Teach Your Kids About Sex
 

How to Teach Your Kids about Sex

Talking about the birds and the bees

By June Yong | 29 January, 2019

Does the mere thought of having to explain what sex is to your kids make you break out in cold sweat?

Don’t worry – you’re not alone.

The first time I talked to my child about sex (my eldest was about six years old then), I used a simple book called The Wonderful Way Babies Are Made to help me get the conversation going. Having a book to introduce the topic was great but guess what, I still felt sweat beads forming on my forehead. (This was about the time we finished the book when my daughter asked, “Do you and dad have sex?”)

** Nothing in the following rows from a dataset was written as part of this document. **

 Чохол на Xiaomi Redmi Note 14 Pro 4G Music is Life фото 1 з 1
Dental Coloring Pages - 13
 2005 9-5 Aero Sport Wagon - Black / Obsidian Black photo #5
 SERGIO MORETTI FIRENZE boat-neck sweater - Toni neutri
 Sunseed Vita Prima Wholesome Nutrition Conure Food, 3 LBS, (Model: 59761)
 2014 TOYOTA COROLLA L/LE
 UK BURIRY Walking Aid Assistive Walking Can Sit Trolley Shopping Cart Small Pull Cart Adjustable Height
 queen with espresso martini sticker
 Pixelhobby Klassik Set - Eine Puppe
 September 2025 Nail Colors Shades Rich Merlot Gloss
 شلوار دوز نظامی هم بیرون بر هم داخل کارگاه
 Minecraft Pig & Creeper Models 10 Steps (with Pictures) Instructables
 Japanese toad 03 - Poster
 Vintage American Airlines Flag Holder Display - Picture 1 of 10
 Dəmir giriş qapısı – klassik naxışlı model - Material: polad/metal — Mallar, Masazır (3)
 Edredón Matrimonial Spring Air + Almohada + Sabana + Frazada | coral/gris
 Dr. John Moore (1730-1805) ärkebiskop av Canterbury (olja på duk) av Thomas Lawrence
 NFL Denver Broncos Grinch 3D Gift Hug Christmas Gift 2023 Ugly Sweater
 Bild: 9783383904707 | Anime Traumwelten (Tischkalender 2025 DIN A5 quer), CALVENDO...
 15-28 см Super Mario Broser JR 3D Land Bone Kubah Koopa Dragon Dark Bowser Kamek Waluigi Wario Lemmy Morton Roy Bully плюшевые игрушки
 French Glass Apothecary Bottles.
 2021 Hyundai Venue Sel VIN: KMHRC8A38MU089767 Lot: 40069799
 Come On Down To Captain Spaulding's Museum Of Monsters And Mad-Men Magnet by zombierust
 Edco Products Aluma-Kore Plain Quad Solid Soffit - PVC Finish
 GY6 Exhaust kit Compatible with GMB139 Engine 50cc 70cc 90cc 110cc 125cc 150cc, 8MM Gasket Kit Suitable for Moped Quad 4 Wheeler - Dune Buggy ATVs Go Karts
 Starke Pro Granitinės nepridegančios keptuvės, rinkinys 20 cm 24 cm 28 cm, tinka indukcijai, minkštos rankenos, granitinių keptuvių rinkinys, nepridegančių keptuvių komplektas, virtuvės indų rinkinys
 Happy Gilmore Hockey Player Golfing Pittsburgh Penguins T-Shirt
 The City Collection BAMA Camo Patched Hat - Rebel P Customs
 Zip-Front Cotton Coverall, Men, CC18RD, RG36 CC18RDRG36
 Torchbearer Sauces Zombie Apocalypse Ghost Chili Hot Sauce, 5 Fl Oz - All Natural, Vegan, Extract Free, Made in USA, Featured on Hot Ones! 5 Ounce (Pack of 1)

As I pondered over the “sex talk”, I realise that it isn’t so much a one-off talk as it is an ongoing conversation. It’s like going on a journey with your child where there are information signs filled with information on their unique bodies, identity, puberty, and love and relationships.

Contrary to what people think, conversations about sex encompasses much more than the sex act alone, and needs to be handled age-appropriately.

While educating kids about sex and sexuality isn’t the easiest task on earth, being mentally prepared for it helps. Read on for more ideas and resources.

1. The pre-school years

During the pre-school years, the focus is on body awareness and body safety. This is the time to teach children about our various body parts and their proper names.

It is also key to introduce to them the concept of body safety – use the terms “good touch” versus “bad touch” to teach children that their private body parts should remain private. Give them the words to use if they find themselves in a situation where they feel uncomfortable, such as “Stop it, I don’t like this. I’m going to tell my mum and dad.”

Books such as The Swimsuit Lesson may help to make the idea more concrete and understandable to young children.

2. The primary years

As our children mature and enter formal schooling, the focus shifts to providing simple but accurate information about where babies come from.

During this time, children may grow more aware of sensual images that are shown on billboards or advertisements. Thus it is also apt to inculcate a sense of respect in our young – respect for other people’s bodies as well as their own.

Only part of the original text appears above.